■ **Data provided**
——
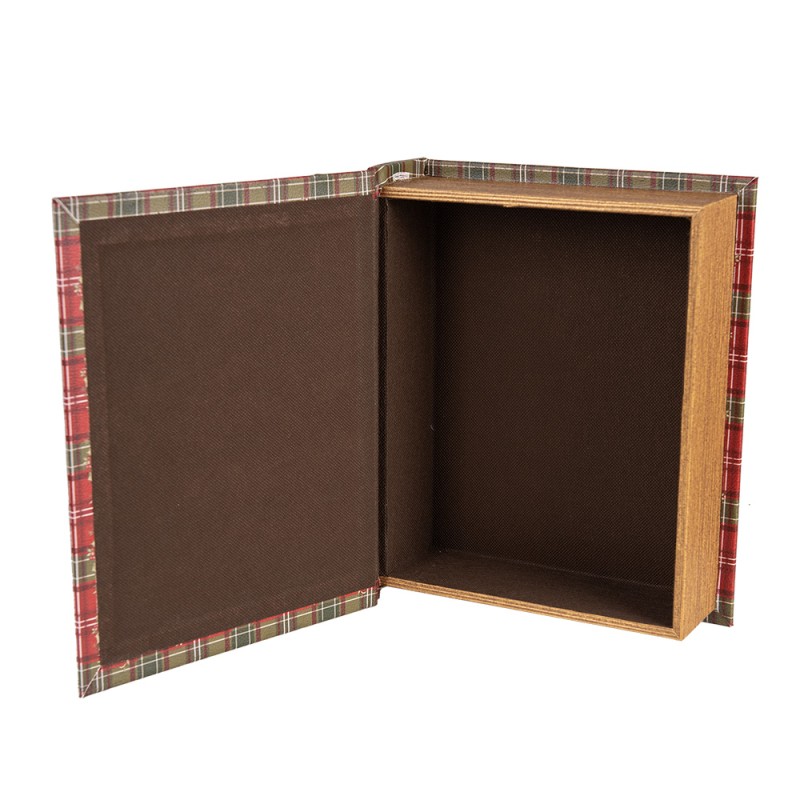 Clayre & Eef Aufbewahrungsbox 3er Set Bücher 27x22x7 / 22x17x6 / 17x12x4 cm Rot Weiß Holzprodukt Rechteck Weihnachtsmann Merry C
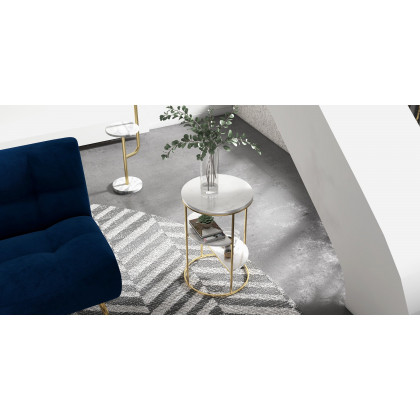 HMR - 3-Tiered End Table with Shelf Marble Top and Metal Frame in White and Gold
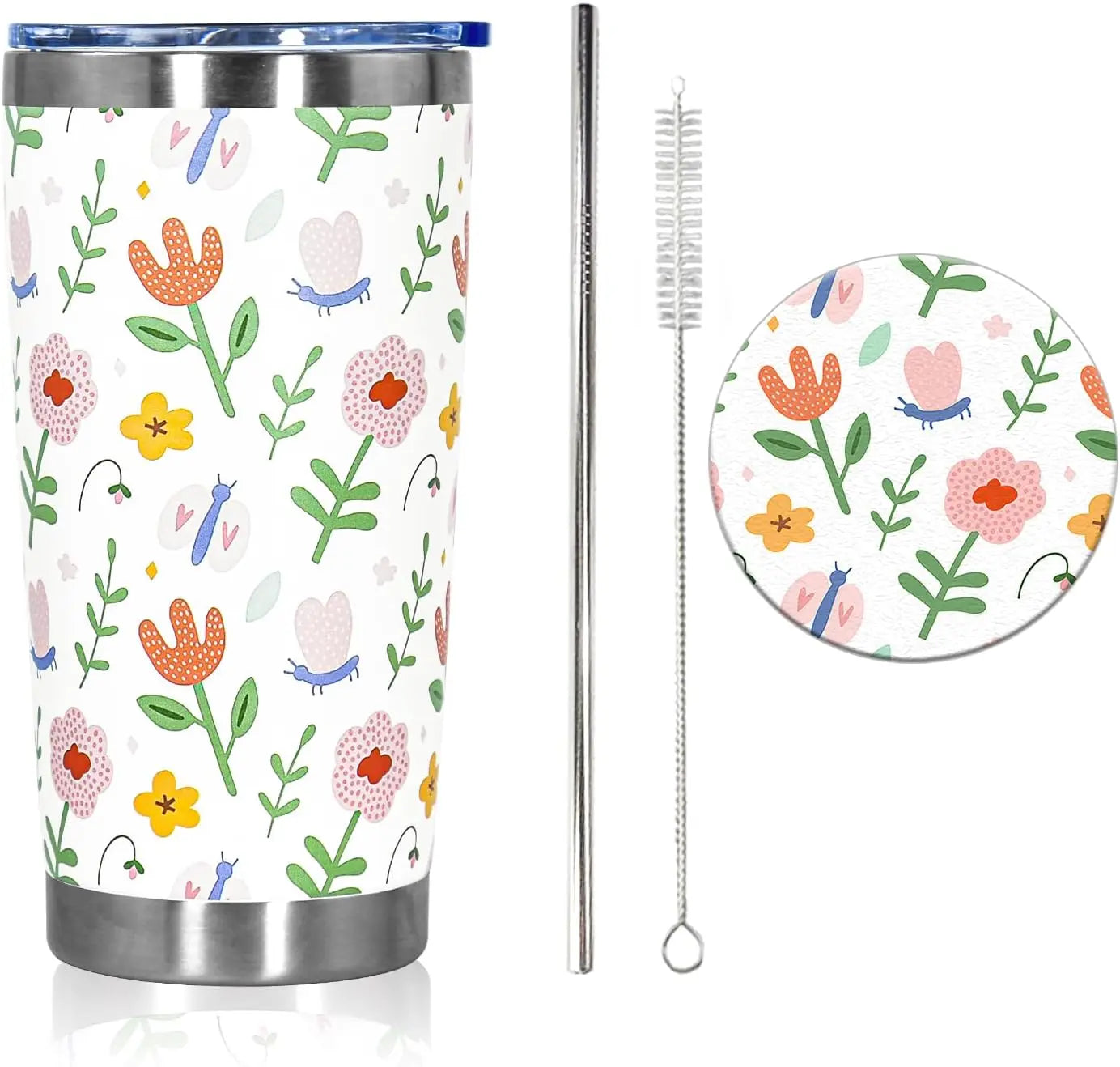 20oz  Double Wall Vacuum Insulated Stainless Steel Travel Coffee Water Mug Reusable Tumblers Car Gift With Straw and Lid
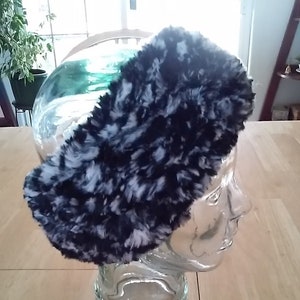 Fluffy Panda Print Crochet Head Band - Black and White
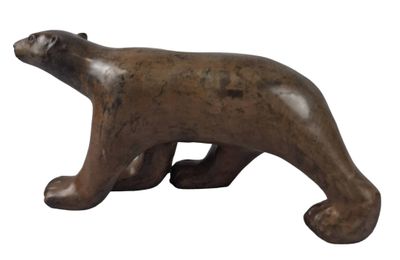 statue of a brown bear on a white background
——
■ **What the task asks**
The expected output is every entry above, retyped exactly, with the pictures removed.

■ **Solution for this task**
 Clayre & Eef Aufbewahrungsbox 3er Set Bücher 27x22x7 / 22x17x6 / 17x12x4 cm Rot Weiß Holzprodukt Rechteck Weihnachtsmann Merry C
 HMR - 3-Tiered End Table with Shelf Marble Top and Metal Frame in White and Gold
 20oz  Double Wall Vacuum Insulated Stainless Steel Travel Coffee Water Mug Reusable Tumblers Car Gift With Straw and Lid
 Fluffy Panda Print Crochet Head Band - Black and White
 statue of a brown bear on a white background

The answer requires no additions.